▶ GIVEN ENTRIES:
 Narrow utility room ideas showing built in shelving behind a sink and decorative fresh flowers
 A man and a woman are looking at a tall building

* * *

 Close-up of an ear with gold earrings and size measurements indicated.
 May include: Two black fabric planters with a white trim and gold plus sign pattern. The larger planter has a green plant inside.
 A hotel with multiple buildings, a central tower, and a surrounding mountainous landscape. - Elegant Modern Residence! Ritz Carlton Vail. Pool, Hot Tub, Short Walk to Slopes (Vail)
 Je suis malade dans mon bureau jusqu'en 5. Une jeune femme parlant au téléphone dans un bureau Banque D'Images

...

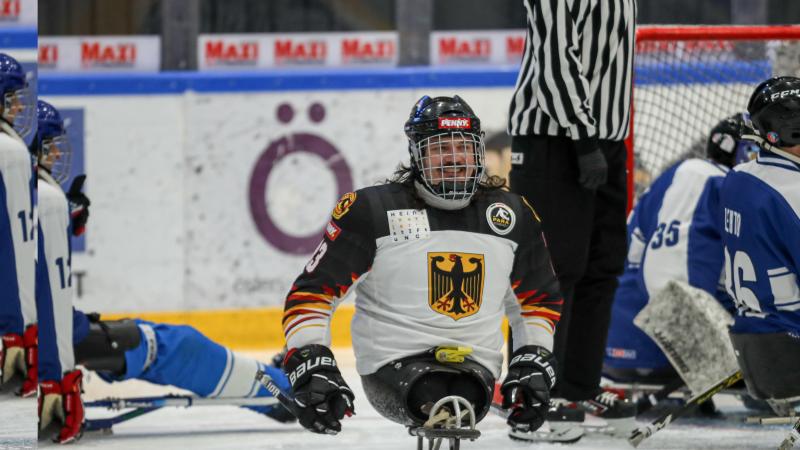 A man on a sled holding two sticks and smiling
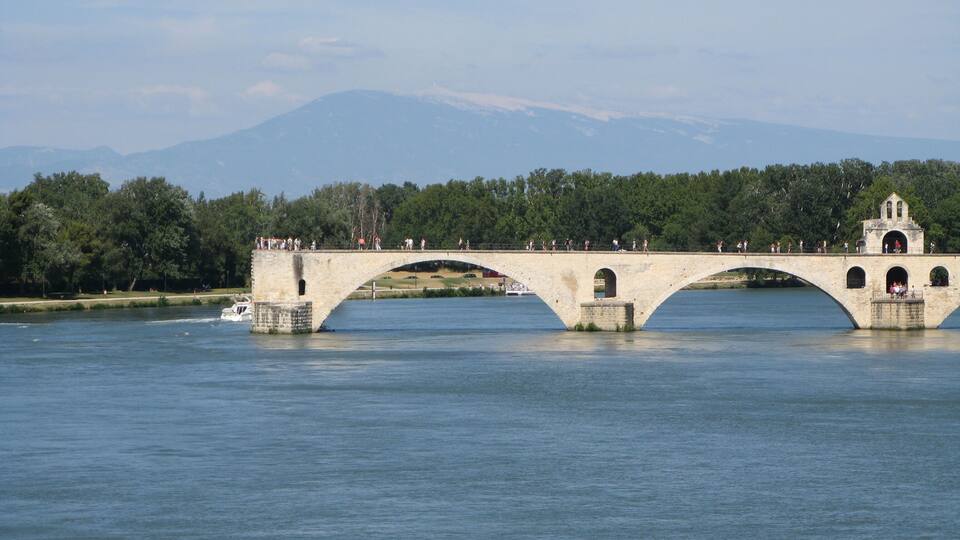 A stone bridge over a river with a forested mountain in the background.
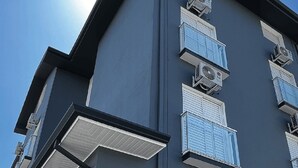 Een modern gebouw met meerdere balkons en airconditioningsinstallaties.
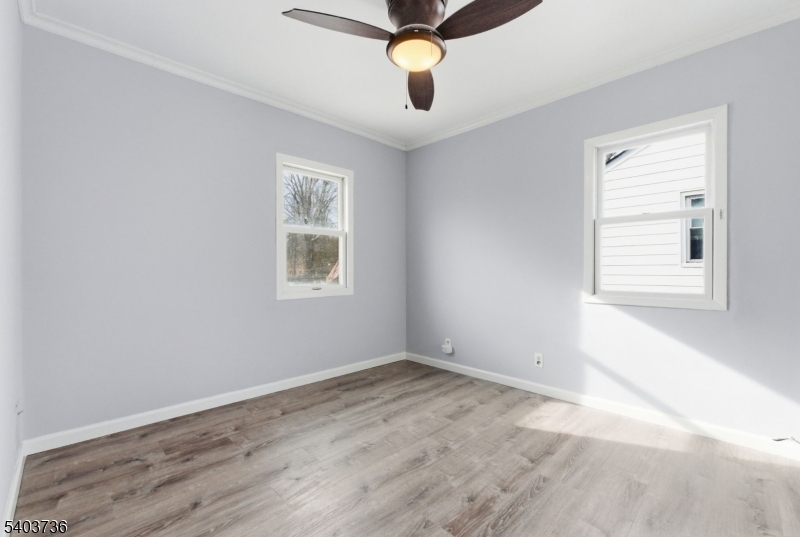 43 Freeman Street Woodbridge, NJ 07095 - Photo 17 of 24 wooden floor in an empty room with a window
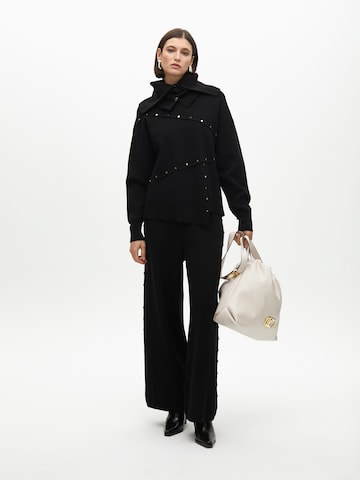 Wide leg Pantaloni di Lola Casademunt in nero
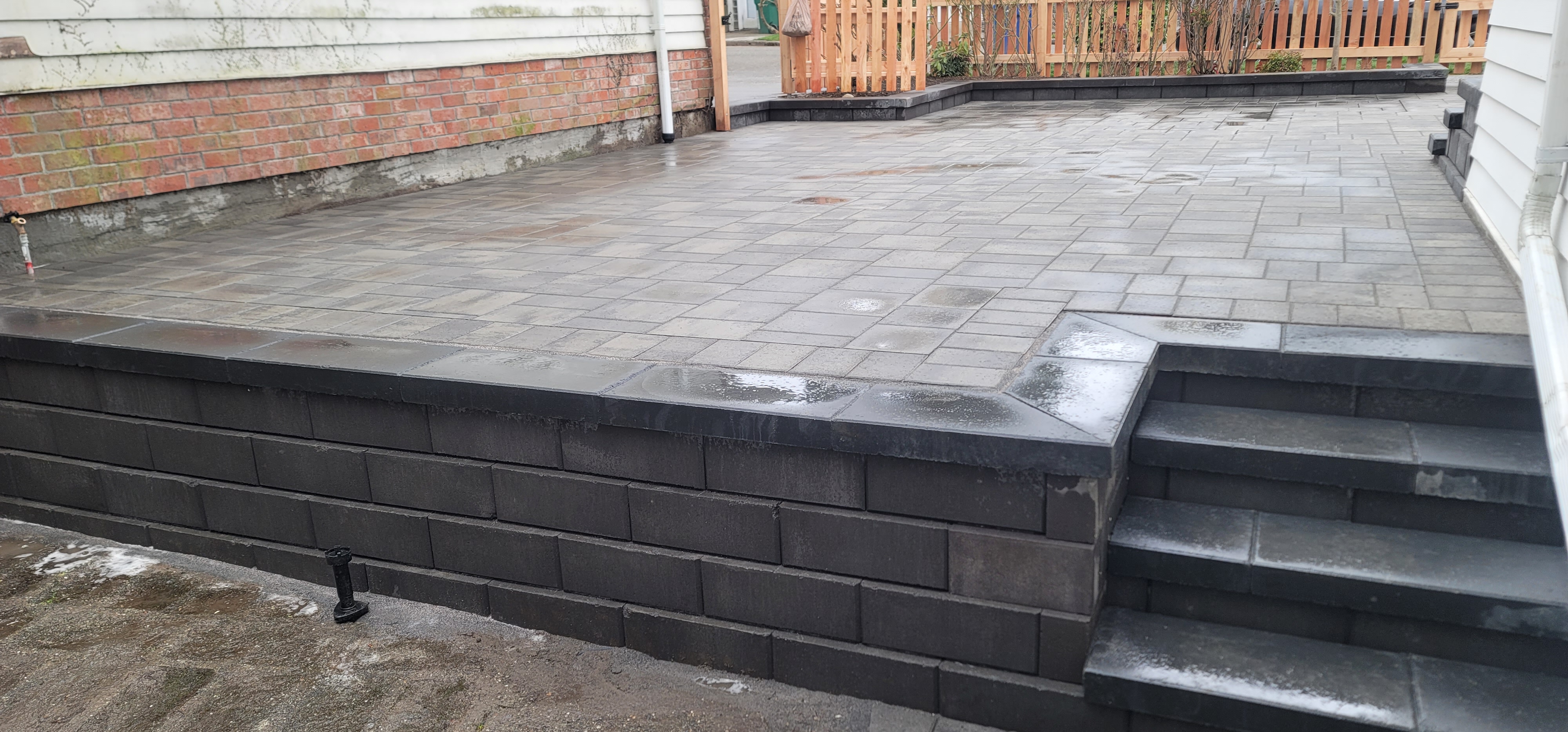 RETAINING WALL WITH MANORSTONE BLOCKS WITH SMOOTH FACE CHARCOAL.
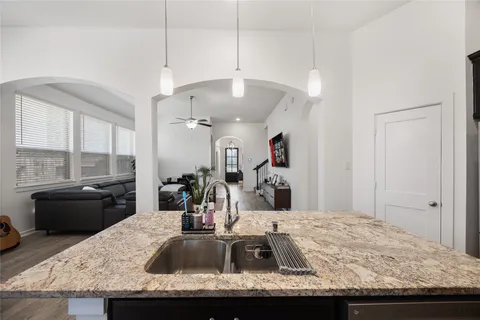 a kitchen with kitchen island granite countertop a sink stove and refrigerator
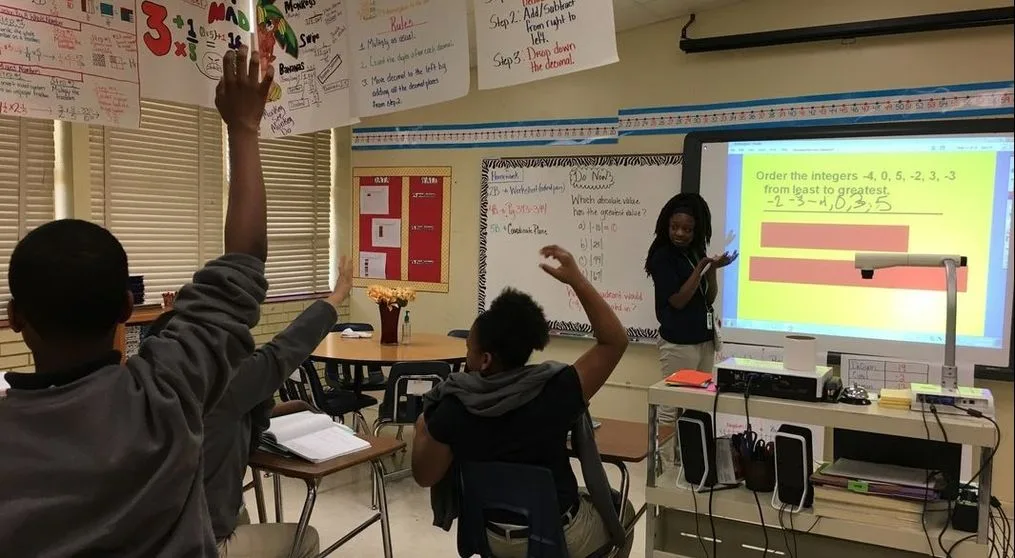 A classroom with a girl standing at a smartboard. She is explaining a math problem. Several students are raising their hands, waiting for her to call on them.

▶ PROBLEM TO WORK ON: Of the entries above, transcribe exactly those lines that fall between the line containing "Narrow utility room" and the line containing "A man and a", together with those two lines.

▶ ANSWER BOX:
 Narrow utility room ideas showing built in shelving behind a sink and decorative fresh flowers
 A man and a woman are looking at a tall building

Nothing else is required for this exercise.